Yevdokimov might however not yet start life as pensioner. He this week left for Moscow for talks on future engagement, Kommersant reports. His press secretary Nikolay Sigin maintains that “a man of such a format deserves to be needed on the federal level”.

Originally a native from the Ukraine, Yevdokimov has lived in the region since he started working in the town of Kovdor in 1974. He quickly climbed in the party structures, and in the period 1990-1994 chaired the regional Council of Peoples Deputies. In 1996, he defeated former governor Komarov and has since headed the region, the northwesternmost federal subject in the country.

In 2007, Yevdokimov was reappointed by then President Putin to a fourth governor’s term. As BarentsObserver then reported, the governor was then described as a trusted “president’s man”.

Governor Yevdokimov has been a staunch protector of regional economic interests, like fisheries and ports.

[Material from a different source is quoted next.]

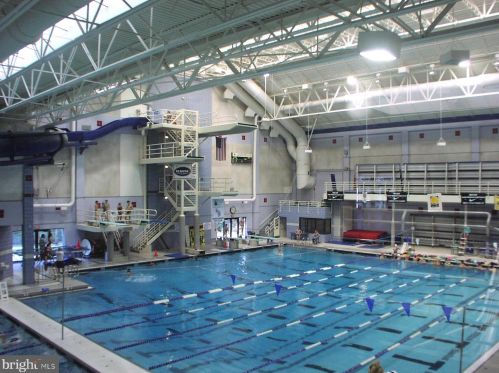 5801 Edson Ln, Rockville MD  20852-2901 exterior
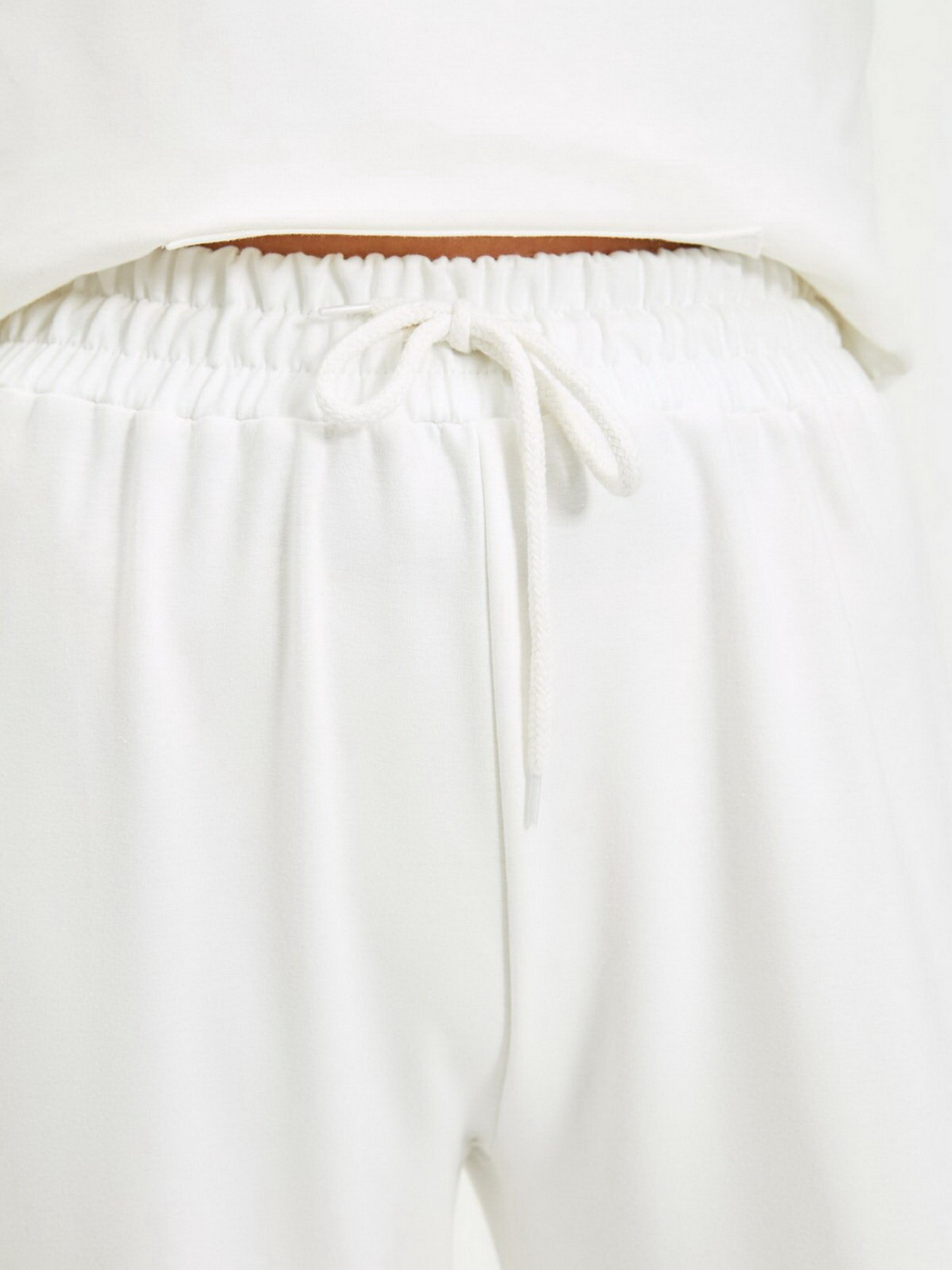 Штаны спортивные Trendyol модель TWOAW22EA0053/Ekru Фото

He has also been extensively engaged in international cooperation. During one of his many visit to Norway in 2008, he met with both the royal family, four cabinet ministers, as well as the leading Norwegian industrial companies. In August 2007 he was awarded a medal as Commander of the Royal Norwegian Order of Merit by King Harald V for his contributions in the Norwegian-Russian cooperation

In a press release, Yevdikomov says that he is content with what he has achieved in the course of his years as governor, although “a lot remains to be done”.